The list of names includes many people in the real-estate development industry, leading to allegations they may have been getting their business and social circles to donate the maximum allowed to the political party of the current mayor, Kennedy Stewart, called Forward Together.
Forward Together said it follows provincial electoral regulations.
Yet in a city facing a housing crisis that many blame on a lack of rental units and homes suitable for families being built, the idea that the man running for re-election as a champion of those having housing troubles is significantly funded by property developers has not been well received.
After complaints, Elections BC said it is now reviewing the list to ensure rules are being followed.
Woodvine said he wasn’t sure what the documents meant and who they related to, so he tweeted out a photo of the first page.
As a blogger who writes about being homeless, Woodvine said, his followers are often well versed and engaged in city affairs. He said they quickly came to the conclusion the list looked like a potential donations list for Forward Together.
“People who read the tweet started to volunteer information,” he said. “They were able to basically connect some of the dots, they could look at first names and say that might be this person who works with this party.”
The paper had some of the most notable names in the Vancouver development community on it. Their names were listed under the title “Captain” followed by columns showing 2022 donations, goal, “NM followup” and notes. There were 38 names in total.
The “NM” matches the initials of Neil Monckton, the City of Vancouver’s chief of staff. The name “Neil” is also mentioned in the spreadsheet. Other first names on the documents also correspond with those of people in Stewart’s circle, such as Alvin. Stewart’s communications director as mayor was Alvin Singh, now a candidate for the party.
Forward Together sent a statement to the Star saying the party follows all Elections BC rules and also disclosed its donor list in August.
Some Vancouver media outlets have confirmed the figures with some of those in the papers. The Tyee sought out those on the list earlier this week and reported one person confirmed his name and the amount donated was correct but was unsure of why he was listed as a “captain.”
The figures listed are far higher than the donation limit of $1,250 per person in British Columbia, leading Woodvine and others to suggest the sheet shows influential people in the development industry could be raising political donations from their peer groups.
The sheet has $64,350 next to one name in the 2022 donations category.
There’s no suggestion of anything illegal, it should be noted.
Duff Conacher, a co-founder of Democracy Watch, said the optics nonetheless aren’t good.
“It shows how much of a sham the donation limit is, and that applies provincially as well,” Conacher said.
Though corporations themselves can’t donate large sums of money to a political candidate, they can still raise it.

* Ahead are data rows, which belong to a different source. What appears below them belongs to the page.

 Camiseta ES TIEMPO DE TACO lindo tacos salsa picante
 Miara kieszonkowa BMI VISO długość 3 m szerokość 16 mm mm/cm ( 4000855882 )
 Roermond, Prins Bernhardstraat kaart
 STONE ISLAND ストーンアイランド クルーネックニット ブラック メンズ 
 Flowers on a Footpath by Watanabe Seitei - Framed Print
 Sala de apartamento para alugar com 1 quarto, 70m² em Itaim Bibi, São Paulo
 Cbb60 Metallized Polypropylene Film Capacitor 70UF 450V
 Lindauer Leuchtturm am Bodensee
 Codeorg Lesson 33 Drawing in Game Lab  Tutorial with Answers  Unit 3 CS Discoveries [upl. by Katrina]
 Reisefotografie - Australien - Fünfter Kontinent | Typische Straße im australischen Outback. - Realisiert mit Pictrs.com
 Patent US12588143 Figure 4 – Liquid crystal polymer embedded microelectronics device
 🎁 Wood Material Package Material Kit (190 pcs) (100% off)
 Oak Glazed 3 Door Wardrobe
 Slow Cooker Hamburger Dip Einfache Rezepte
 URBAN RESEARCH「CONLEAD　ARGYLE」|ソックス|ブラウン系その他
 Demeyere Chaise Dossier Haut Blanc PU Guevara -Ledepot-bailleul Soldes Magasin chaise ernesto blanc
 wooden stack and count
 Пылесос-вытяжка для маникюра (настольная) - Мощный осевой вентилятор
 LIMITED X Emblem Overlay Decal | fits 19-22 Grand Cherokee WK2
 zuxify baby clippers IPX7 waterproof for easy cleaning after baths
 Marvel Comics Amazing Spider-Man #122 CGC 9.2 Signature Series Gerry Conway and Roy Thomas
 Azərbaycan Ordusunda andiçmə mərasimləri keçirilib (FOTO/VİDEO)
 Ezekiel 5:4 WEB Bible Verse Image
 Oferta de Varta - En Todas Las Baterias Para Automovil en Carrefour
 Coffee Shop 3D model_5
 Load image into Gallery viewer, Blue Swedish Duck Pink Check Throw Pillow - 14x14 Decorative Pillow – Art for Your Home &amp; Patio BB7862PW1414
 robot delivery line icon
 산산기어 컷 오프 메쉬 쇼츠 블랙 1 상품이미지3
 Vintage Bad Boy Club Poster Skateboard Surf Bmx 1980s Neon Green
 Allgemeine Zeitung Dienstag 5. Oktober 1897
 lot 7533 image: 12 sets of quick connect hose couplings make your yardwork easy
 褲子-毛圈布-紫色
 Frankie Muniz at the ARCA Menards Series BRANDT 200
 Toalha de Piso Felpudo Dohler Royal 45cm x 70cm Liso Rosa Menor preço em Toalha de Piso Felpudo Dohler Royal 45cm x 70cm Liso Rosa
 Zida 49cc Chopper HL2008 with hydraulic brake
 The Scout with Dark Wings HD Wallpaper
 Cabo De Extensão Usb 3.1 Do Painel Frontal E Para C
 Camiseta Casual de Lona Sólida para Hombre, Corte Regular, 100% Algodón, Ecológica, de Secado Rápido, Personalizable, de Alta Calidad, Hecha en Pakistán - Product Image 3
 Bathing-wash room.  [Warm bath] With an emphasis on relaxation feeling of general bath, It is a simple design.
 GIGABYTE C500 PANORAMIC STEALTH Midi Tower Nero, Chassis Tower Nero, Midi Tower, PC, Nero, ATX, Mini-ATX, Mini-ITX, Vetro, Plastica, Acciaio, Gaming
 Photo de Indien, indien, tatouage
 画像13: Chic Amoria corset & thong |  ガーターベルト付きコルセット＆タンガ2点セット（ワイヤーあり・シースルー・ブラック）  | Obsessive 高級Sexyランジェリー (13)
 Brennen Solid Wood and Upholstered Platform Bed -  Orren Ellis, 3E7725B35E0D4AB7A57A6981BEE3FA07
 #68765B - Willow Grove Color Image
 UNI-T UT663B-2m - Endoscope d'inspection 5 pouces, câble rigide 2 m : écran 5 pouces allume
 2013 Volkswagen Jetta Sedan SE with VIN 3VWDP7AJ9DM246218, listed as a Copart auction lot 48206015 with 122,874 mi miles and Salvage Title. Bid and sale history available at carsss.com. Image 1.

Such contributions could give them an oversized amount of influence at Vancouver City Hall, he opined.
Conacher said if the donation limits were much smaller, such as under $100, then politicians would need far more people to donate to earn the same amount. It would also put everyone on a more even playing field because many residents can’t afford to donate $1,250.
Bill Tieleman, the campaign manager and council candidate of rival party TEAM for a Livable Vancouver, said he filed a complaint to Elections BC regarding the list.
Tieleman said his concerns go further than whether any rules were broken in fundraising. The city of Vancouver deals with rezoning applications regularly.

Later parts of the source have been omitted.